(SUPPLIED DATA):
####
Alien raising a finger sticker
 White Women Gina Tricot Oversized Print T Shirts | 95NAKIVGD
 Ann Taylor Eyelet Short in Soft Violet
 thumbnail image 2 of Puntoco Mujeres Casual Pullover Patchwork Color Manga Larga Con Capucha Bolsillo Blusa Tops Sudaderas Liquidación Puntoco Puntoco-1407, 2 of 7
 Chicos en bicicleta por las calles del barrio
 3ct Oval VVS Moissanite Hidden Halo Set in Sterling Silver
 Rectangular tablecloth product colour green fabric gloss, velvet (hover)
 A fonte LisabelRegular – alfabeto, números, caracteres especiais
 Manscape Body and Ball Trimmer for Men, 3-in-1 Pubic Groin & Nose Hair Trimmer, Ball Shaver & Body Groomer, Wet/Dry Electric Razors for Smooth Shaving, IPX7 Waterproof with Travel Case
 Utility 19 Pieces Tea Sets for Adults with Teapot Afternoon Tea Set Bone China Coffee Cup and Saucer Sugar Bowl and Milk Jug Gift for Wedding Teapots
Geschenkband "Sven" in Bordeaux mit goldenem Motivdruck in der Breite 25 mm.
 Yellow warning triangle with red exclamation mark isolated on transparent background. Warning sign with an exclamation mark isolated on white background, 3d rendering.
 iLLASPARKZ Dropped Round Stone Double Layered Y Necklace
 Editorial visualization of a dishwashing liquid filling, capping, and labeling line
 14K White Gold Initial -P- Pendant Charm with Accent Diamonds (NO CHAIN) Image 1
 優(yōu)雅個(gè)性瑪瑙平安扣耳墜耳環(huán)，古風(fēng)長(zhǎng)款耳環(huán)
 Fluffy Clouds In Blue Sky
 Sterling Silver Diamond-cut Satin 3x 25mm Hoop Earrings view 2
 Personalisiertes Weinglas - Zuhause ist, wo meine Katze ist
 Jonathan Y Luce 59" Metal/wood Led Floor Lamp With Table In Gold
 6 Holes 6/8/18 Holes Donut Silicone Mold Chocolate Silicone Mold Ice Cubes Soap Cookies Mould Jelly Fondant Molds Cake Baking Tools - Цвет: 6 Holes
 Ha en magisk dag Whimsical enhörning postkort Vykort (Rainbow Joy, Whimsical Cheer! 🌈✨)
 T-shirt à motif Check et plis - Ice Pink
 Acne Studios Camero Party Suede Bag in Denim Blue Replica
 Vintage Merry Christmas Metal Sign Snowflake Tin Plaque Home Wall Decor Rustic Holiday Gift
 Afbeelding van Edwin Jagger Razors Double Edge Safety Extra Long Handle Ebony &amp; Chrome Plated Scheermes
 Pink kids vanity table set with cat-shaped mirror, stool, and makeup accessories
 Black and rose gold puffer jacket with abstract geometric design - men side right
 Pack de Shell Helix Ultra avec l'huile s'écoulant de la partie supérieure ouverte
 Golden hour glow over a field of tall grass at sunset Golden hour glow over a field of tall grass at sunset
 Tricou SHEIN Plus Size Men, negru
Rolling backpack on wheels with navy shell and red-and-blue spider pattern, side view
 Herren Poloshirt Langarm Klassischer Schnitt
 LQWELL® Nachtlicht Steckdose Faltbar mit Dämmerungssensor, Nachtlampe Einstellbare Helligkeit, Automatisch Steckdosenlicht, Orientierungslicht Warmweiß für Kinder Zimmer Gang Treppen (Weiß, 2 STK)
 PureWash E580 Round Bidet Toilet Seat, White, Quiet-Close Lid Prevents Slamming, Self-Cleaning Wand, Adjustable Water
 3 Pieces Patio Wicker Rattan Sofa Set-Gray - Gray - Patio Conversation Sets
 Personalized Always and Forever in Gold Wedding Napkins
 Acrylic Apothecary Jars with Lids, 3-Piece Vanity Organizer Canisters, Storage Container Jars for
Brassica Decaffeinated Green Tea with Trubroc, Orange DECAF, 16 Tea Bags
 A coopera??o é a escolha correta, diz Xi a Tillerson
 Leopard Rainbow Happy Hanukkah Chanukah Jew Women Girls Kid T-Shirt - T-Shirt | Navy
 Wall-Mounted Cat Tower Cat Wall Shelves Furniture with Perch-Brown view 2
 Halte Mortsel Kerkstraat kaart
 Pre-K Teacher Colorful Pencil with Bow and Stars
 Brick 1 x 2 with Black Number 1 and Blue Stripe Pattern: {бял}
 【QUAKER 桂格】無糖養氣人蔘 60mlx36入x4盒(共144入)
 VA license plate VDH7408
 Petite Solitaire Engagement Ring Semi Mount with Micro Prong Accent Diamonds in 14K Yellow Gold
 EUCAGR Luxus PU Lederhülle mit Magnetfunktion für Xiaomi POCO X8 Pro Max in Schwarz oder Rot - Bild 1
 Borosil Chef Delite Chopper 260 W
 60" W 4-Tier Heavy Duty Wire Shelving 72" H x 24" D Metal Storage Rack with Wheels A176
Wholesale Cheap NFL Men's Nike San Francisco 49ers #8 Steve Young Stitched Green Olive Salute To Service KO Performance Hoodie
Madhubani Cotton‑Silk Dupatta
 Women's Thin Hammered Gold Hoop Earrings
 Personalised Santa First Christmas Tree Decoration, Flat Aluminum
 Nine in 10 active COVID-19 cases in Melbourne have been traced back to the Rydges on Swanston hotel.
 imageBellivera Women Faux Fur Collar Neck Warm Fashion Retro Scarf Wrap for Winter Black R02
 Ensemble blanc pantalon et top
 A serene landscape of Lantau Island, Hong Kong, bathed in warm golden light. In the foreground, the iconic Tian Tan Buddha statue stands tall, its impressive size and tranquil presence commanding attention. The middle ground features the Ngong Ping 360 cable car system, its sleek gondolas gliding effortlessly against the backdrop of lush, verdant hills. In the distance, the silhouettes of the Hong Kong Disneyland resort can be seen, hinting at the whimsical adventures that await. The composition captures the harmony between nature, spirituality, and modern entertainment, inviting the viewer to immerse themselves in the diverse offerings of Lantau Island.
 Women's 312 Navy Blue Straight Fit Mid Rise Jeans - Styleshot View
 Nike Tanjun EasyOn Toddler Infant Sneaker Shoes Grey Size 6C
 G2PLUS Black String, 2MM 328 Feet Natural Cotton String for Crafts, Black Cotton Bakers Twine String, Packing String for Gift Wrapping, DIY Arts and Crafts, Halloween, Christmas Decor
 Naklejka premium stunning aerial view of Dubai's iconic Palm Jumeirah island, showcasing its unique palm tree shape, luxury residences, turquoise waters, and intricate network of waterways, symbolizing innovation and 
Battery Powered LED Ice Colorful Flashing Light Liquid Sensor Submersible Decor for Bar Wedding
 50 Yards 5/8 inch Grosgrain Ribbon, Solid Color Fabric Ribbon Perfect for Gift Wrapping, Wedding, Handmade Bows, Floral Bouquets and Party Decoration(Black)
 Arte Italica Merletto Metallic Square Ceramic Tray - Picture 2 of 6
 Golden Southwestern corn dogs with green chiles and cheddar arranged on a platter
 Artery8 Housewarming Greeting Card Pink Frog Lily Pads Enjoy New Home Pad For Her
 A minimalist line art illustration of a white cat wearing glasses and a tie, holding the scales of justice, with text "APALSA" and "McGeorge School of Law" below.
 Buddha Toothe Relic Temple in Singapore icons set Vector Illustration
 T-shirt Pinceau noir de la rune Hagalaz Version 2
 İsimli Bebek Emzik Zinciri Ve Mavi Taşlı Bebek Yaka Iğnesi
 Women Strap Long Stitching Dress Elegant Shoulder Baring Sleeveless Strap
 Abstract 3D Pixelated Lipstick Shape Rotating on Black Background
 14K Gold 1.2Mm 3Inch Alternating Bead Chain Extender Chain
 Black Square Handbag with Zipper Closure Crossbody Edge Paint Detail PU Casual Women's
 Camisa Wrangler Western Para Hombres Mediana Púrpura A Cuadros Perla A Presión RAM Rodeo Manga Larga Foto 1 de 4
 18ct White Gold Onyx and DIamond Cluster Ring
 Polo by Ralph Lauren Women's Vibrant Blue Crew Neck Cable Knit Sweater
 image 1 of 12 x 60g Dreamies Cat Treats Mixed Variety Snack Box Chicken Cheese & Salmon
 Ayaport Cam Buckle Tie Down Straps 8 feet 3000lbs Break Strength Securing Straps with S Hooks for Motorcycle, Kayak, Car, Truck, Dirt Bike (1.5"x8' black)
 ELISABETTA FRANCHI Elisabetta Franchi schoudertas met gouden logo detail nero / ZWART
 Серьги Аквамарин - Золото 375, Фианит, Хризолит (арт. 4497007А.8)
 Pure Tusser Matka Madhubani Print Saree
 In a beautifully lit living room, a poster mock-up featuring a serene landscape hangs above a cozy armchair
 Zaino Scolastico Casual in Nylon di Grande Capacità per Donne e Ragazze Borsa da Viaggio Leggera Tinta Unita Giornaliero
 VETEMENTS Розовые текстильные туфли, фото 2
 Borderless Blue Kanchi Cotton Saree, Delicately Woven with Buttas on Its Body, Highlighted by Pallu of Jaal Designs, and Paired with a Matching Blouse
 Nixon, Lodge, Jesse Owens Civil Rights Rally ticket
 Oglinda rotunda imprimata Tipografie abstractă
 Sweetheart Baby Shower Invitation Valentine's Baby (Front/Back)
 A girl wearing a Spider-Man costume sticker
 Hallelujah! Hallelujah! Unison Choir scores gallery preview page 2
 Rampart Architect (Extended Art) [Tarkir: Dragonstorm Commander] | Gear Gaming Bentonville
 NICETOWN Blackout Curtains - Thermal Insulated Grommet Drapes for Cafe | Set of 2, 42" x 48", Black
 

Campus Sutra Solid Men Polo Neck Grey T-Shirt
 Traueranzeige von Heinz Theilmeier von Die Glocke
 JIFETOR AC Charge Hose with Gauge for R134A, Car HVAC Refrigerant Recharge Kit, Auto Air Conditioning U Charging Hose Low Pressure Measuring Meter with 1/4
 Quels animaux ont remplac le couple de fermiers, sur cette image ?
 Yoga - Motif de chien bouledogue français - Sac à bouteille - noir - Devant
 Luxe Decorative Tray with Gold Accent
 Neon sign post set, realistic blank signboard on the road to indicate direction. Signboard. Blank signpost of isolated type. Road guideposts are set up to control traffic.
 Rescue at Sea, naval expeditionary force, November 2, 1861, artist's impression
####
(TASK REQUIREMENTS): Please transcribe the records exactly from their first line through the line holding "14K White Gold", and leave out all others.

(EXERCISE RESPONSE):
Alien raising a finger sticker
 White Women Gina Tricot Oversized Print T Shirts | 95NAKIVGD
 Ann Taylor Eyelet Short in Soft Violet
 thumbnail image 2 of Puntoco Mujeres Casual Pullover Patchwork Color Manga Larga Con Capucha Bolsillo Blusa Tops Sudaderas Liquidación Puntoco Puntoco-1407, 2 of 7
 Chicos en bicicleta por las calles del barrio
 3ct Oval VVS Moissanite Hidden Halo Set in Sterling Silver
 Rectangular tablecloth product colour green fabric gloss, velvet (hover)
 A fonte LisabelRegular – alfabeto, números, caracteres especiais
 Manscape Body and Ball Trimmer for Men, 3-in-1 Pubic Groin & Nose Hair Trimmer, Ball Shaver & Body Groomer, Wet/Dry Electric Razors for Smooth Shaving, IPX7 Waterproof with Travel Case
 Utility 19 Pieces Tea Sets for Adults with Teapot Afternoon Tea Set Bone China Coffee Cup and Saucer Sugar Bowl and Milk Jug Gift for Wedding Teapots
Geschenkband "Sven" in Bordeaux mit goldenem Motivdruck in der Breite 25 mm.
 Yellow warning triangle with red exclamation mark isolated on transparent background. Warning sign with an exclamation mark isolated on white background, 3d rendering.
 iLLASPARKZ Dropped Round Stone Double Layered Y Necklace
 Editorial visualization of a dishwashing liquid filling, capping, and labeling line
 14K White Gold Initial -P- Pendant Charm with Accent Diamonds (NO CHAIN) Image 1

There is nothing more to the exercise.